Supplied information

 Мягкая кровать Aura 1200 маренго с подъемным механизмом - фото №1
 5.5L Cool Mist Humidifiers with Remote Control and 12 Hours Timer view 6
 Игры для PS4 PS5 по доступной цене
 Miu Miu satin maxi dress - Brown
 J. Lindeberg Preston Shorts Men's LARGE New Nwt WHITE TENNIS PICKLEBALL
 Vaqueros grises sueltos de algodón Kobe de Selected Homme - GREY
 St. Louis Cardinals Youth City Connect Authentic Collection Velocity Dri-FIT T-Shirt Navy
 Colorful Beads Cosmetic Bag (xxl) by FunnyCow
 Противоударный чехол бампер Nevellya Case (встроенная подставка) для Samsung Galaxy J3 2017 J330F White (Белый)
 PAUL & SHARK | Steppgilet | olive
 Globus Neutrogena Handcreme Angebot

Exercise details
Look at the entries above. Then set all of them down again exactly.

Output of the task
 Мягкая кровать Aura 1200 маренго с подъемным механизмом - фото №1
 5.5L Cool Mist Humidifiers with Remote Control and 12 Hours Timer view 6
 Игры для PS4 PS5 по доступной цене
 Miu Miu satin maxi dress - Brown
 J. Lindeberg Preston Shorts Men's LARGE New Nwt WHITE TENNIS PICKLEBALL
 Vaqueros grises sueltos de algodón Kobe de Selected Homme - GREY
 St. Louis Cardinals Youth City Connect Authentic Collection Velocity Dri-FIT T-Shirt Navy
 Colorful Beads Cosmetic Bag (xxl) by FunnyCow
 Противоударный чехол бампер Nevellya Case (встроенная подставка) для Samsung Galaxy J3 2017 J330F White (Белый)
 PAUL & SHARK | Steppgilet | olive
 Globus Neutrogena Handcreme Angebot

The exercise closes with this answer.